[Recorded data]
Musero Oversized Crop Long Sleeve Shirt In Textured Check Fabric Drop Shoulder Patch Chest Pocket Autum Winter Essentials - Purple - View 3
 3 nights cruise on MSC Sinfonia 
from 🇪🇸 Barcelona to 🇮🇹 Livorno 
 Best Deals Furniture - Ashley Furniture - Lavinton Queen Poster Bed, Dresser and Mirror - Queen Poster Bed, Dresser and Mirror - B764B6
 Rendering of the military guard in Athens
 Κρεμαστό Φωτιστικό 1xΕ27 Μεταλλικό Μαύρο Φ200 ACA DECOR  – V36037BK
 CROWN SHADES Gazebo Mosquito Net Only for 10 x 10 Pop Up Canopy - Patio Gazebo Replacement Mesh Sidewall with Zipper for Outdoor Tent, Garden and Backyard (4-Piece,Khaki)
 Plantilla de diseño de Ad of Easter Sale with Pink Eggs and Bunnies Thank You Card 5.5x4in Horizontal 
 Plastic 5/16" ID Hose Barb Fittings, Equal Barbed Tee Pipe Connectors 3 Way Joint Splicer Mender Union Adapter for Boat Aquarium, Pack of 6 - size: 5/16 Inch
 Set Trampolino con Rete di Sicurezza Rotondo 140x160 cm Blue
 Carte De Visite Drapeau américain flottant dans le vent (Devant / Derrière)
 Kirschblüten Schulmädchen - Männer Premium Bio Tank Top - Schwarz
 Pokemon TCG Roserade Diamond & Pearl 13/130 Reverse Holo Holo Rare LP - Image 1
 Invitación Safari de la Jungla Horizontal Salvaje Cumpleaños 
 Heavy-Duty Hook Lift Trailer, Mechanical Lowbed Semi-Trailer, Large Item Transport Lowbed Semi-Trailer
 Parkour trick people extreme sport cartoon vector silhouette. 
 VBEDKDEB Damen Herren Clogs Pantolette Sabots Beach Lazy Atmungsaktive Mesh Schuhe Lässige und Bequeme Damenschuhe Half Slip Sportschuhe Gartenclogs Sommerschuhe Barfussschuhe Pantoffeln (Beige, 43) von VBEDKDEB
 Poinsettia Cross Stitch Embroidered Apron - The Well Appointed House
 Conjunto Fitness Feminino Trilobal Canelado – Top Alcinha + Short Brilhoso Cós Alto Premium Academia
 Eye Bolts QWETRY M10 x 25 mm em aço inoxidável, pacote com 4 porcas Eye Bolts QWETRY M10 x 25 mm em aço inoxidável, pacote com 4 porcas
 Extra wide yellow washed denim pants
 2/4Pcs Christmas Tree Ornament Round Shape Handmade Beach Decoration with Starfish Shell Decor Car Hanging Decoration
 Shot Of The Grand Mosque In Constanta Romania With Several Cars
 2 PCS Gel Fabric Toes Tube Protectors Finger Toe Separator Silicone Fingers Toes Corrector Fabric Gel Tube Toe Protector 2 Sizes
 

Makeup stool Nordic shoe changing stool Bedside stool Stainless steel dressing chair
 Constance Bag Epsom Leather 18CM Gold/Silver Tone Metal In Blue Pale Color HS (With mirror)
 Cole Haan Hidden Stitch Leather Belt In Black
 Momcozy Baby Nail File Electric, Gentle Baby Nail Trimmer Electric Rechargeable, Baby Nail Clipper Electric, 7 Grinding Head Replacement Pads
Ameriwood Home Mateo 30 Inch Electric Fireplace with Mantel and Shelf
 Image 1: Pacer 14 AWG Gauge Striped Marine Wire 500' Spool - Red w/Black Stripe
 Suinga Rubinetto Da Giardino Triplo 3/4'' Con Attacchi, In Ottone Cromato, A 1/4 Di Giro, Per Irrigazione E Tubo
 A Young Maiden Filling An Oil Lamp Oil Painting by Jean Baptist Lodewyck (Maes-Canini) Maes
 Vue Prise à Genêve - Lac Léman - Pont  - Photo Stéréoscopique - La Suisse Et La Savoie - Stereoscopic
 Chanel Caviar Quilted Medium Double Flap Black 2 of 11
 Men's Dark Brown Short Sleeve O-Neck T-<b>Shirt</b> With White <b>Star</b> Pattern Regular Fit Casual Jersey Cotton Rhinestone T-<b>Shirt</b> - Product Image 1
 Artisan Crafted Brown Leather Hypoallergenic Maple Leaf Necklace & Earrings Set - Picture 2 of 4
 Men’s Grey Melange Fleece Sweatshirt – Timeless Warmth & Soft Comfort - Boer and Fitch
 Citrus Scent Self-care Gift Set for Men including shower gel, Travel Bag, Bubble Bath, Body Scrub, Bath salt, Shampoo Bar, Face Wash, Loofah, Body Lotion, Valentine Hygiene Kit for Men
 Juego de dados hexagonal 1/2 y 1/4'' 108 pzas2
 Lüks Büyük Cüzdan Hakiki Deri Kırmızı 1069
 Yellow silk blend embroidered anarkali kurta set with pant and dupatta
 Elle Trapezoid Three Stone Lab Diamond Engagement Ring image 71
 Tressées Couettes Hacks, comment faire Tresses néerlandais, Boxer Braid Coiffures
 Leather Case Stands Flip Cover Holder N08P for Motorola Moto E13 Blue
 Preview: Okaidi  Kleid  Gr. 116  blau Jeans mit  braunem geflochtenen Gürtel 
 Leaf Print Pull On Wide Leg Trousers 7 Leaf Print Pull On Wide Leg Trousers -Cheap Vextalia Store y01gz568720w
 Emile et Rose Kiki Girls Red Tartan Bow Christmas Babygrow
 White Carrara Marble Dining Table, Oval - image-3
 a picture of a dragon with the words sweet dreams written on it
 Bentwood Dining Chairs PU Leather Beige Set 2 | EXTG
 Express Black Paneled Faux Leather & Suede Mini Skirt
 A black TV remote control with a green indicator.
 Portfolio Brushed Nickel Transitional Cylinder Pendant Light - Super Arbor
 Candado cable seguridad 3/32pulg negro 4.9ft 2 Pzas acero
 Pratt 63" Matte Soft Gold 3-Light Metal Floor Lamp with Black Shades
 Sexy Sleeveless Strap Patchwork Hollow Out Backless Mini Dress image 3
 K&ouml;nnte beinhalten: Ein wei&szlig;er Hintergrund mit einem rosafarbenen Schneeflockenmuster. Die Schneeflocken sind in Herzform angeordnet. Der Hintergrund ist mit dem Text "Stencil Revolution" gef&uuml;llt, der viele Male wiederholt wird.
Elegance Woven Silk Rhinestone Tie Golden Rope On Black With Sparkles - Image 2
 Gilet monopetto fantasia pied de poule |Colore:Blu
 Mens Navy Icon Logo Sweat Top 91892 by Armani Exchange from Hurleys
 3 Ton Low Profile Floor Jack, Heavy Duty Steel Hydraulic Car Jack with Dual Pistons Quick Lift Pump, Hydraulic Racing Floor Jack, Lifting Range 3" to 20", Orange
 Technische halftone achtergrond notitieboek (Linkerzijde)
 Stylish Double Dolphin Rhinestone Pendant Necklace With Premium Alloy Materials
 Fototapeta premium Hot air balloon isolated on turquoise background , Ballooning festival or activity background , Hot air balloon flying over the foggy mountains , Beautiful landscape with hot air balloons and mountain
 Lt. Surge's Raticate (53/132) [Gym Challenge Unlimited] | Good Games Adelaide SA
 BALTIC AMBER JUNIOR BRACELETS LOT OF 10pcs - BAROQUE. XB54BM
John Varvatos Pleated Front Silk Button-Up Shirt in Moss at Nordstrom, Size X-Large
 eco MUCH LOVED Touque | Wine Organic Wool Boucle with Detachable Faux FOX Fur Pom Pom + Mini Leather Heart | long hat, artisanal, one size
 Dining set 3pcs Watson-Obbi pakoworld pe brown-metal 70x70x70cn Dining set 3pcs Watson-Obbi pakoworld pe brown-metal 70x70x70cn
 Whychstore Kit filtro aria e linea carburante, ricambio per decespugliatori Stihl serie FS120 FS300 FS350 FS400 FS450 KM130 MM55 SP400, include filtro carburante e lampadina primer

■ TASK DIRECTIONS
Show every line above in which the word "from" occurs.

■ ANSWER BOX
from 🇪🇸 Barcelona to 🇮🇹 Livorno 
 Mens Navy Icon Logo Sweat Top 91892 by Armani Exchange from Hurleys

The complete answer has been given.